As part of the Joint Achievement Report presented to the School Boards on Nov. 9, School District 65 reported the percentage of third- through eighth-graders who were on track to college readiness in reading. For purposes of the report, students who scored above college readiness benchmark scores identified for the Spring MAP test were deemed to be on track to college readiness. The scores used by the District were those identified in a study, “Measuring Growth Toward College Readiness: Using MAP Scores to Predict Success on the ACT Test Benchmark Scores,” presented by Robert Theaker and Clay S. Johnson at a meeting of the American Educational Research Association in 2012 (the 2012 Study). At the time of study, Mr. Theaker was a senior research associate of the Northwest Evaluation Association (NWEA), the owner of the MAP test.

Significantly, District 65 decided not to use the college readiness benchmark scores identified in a more recent 2015 Study, titled, “MAP College Readiness Benchmarks: A Research Brief” (June 29, 2015), an NWEA Research Report, by Yeow Meng Thum and Tyler Matta. Dr. Thum received his Ph.D. from the University of Chicago, has taught advanced courses in educational statistics at UCLA and Michigan State University, is a senior research fellow at NWEA, and pursues research on multivariate multilevel models for behavioral and educational data, as well as other topics.

NWEA recommends that the college readiness benchmark scores for the MAP tests that are identified in the 2015 Study be used, rather than those identified in the 2012 Study. Dr. Thum told the RoundTable, “The 2015 study should be used. It employed more representative data and better analytical techniques that results in more valid and reliable results.”

Dr. Thum added that the 2012 Study “was not conducted by NWEA, nor was it commissioned by us.”

The 2012 Study’s Benchmark Scores Are Consistently Higher

The Joint Achievement Report says the MAP college readiness benchmark scores it decided to use were adopted through a two-step process. Initially, a “College Readiness LINKING STUDY,” was published  by NWEA in 2011. That study identified MAP scores for eighth-grade reading and math that corresponded to the college readiness benchmark scores for reading and math identified for the EXPLORE test given in eighth grade. The second step was the 2012 Study.

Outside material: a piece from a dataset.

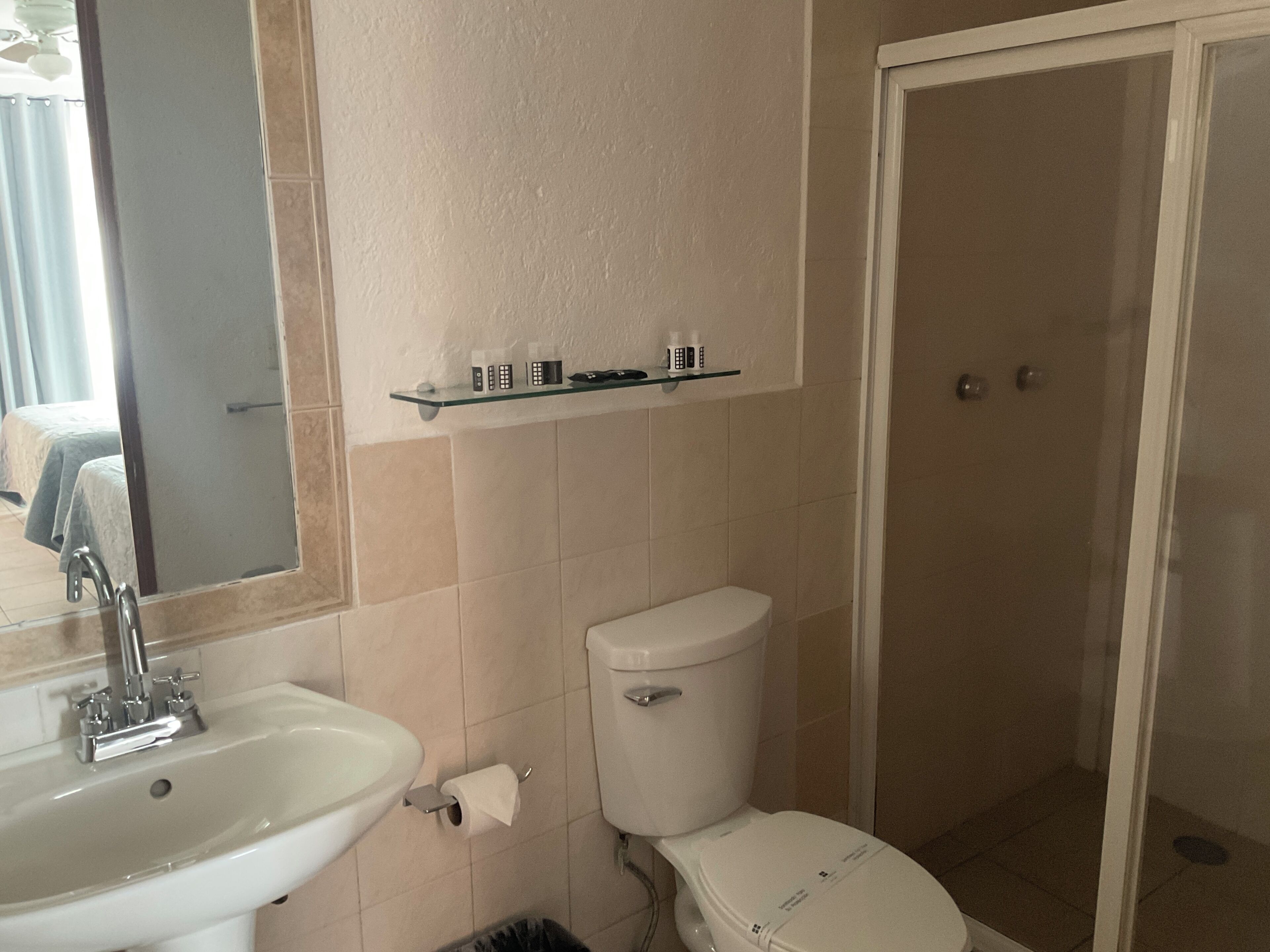 basic room | bathroom | shower, free toiletries, hair dryer, towels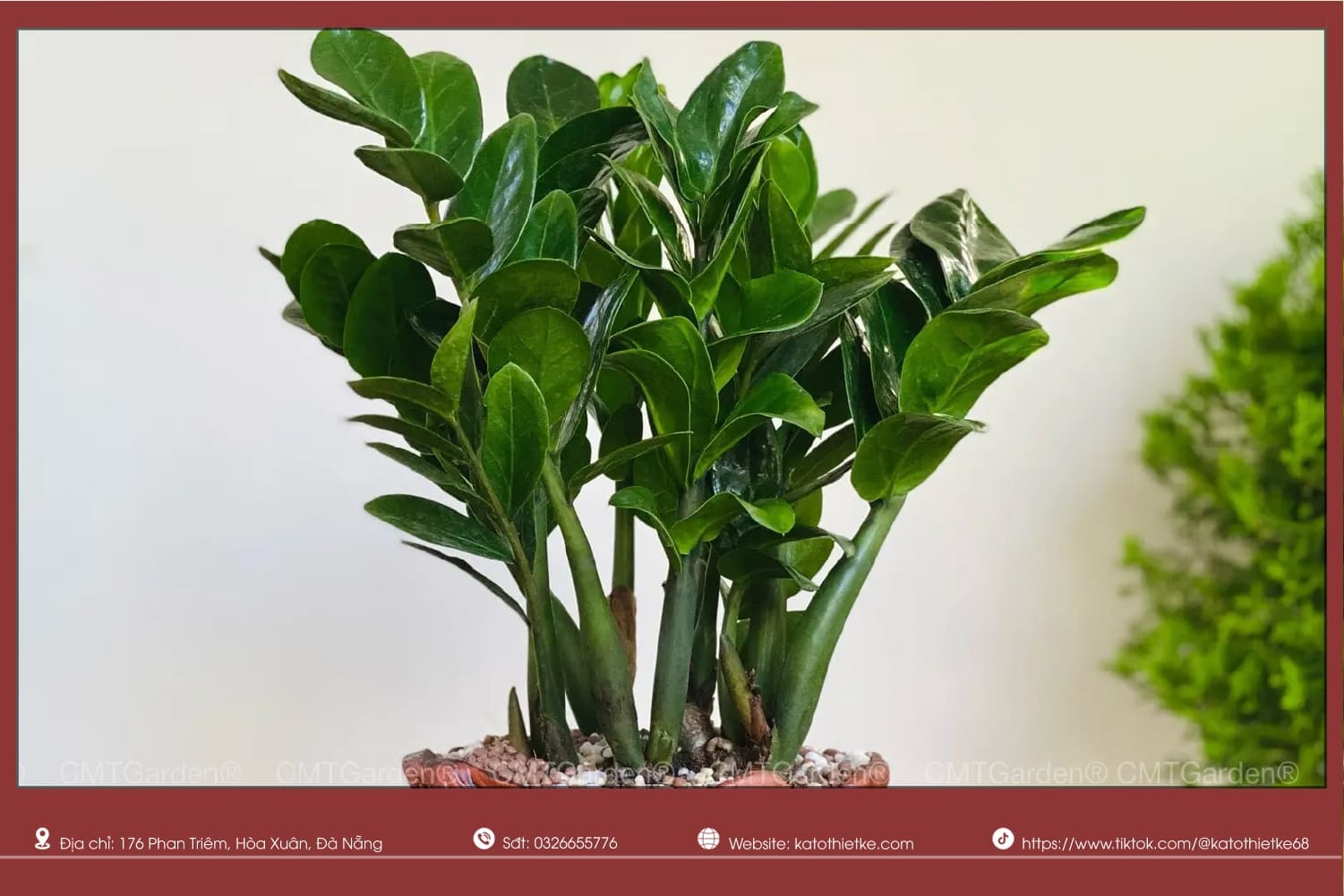 Cây Kim Tiền tượng trưng tài lộc, thịnh vượng và sinh khí dồi dào Cây Kim Tiền tượng trưng tài lộc, thịnh vượng và sinh khí dồi dào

The 2012 Study identified benchmark scores for MAP that are predictive of whether students in grades 4 through 8 will achieve a score of 21 in reading and a 22 in math on the ACT, which is given to 11th and 12th graders in high school.

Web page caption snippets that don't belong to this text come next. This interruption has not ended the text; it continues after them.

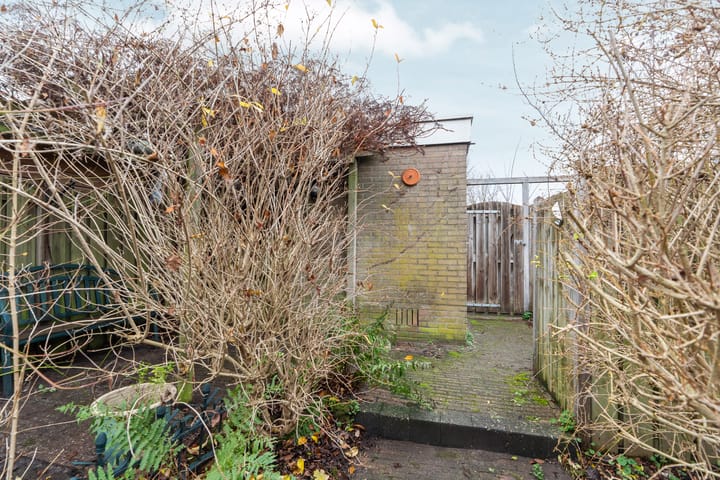 Foto 61 van Zwinpad 12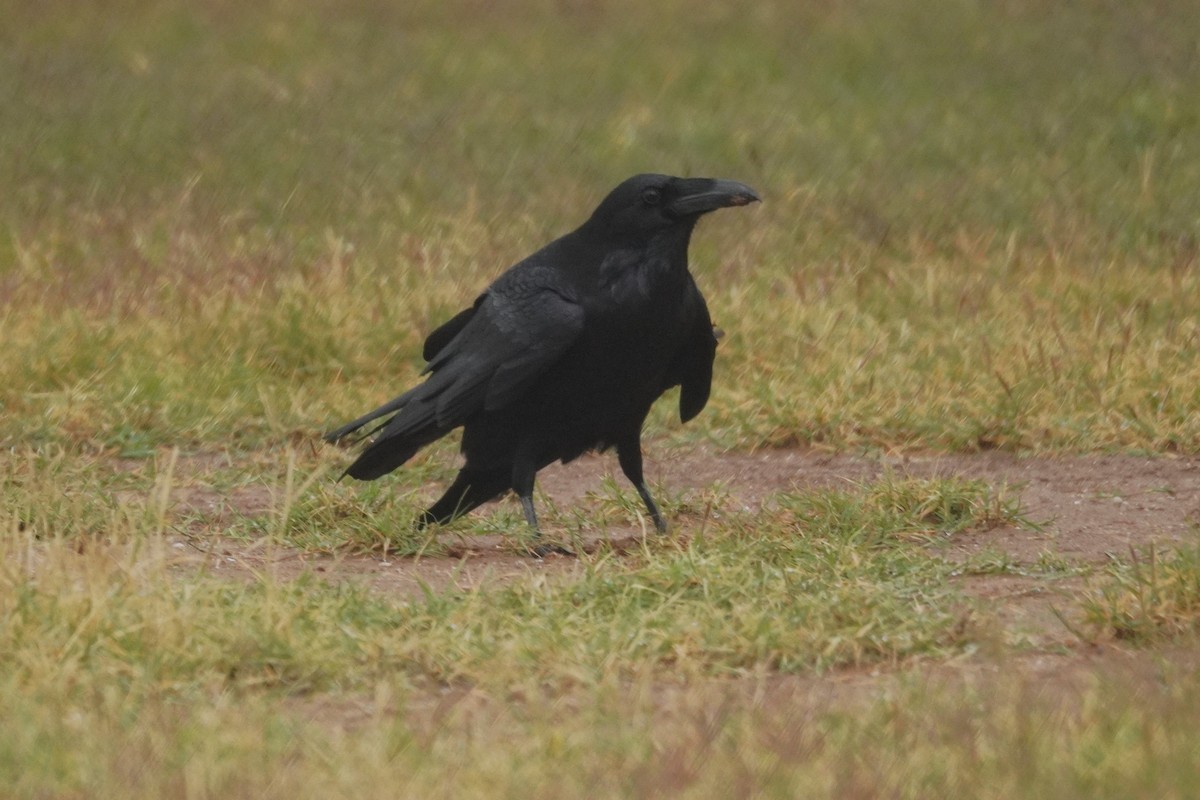 Erroi handia - ML645757361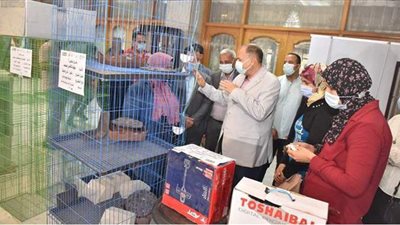 محافظ أسيوط يوزع 20 مشروعا على 25 شابا وفتاة | فيديو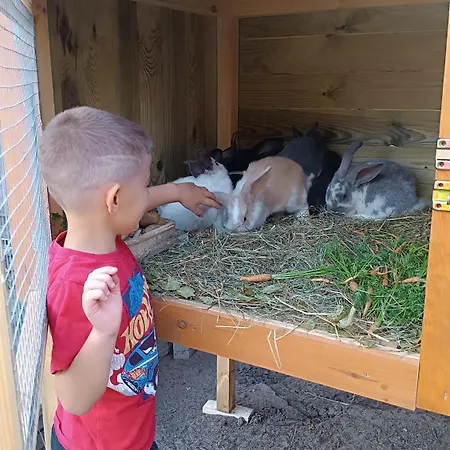 W Kokoszce Z Sauna I Jacuzzi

At the time the 2012 Study was done, the ACT’s college readiness benchmarks were 21 in reading and 22 in math. In 2013, ACT raised the benchmark score for reading to 22 and kept the benchmark score for math at 22. The ACT’s benchmark scores are scores that indicate a student will have a 50% chance of scoring at least a B and a 75% chance of scoring at least a C in related courses in freshman year college.

The 2015 Study identified benchmark scores on MAP that are predictive of whether students in grades 5 through 8 will achieve a score of 22  in reading and a 22 in math on the ACT in high school.

The college readiness benchmark scores identified in the 2012 Study are consistently higher than the benchmark scores identified in the 2015 Study. The benchmark scores identified in each study for the Spring MAP test are listed in Table 1 below, together with the percentile rank of the scores, as indicated in the 2015 NWEA MAP national norms study.

While the college readiness scores identified in the 2012 Study are only 3 to 5 points higher than the 2015 Study for reading, the typical annual growth for an average middle school student ranges from 2.8 to 4.8 points per year, depending on the grade level.  For math the difference in points between the studies is 6 to 10 points; the typical annual growth for an average middle school student in math ranges from 4.6 to 7.7 points, depending on the grade level. See 2015 NWEA Measures of Academic Progress Normative Data.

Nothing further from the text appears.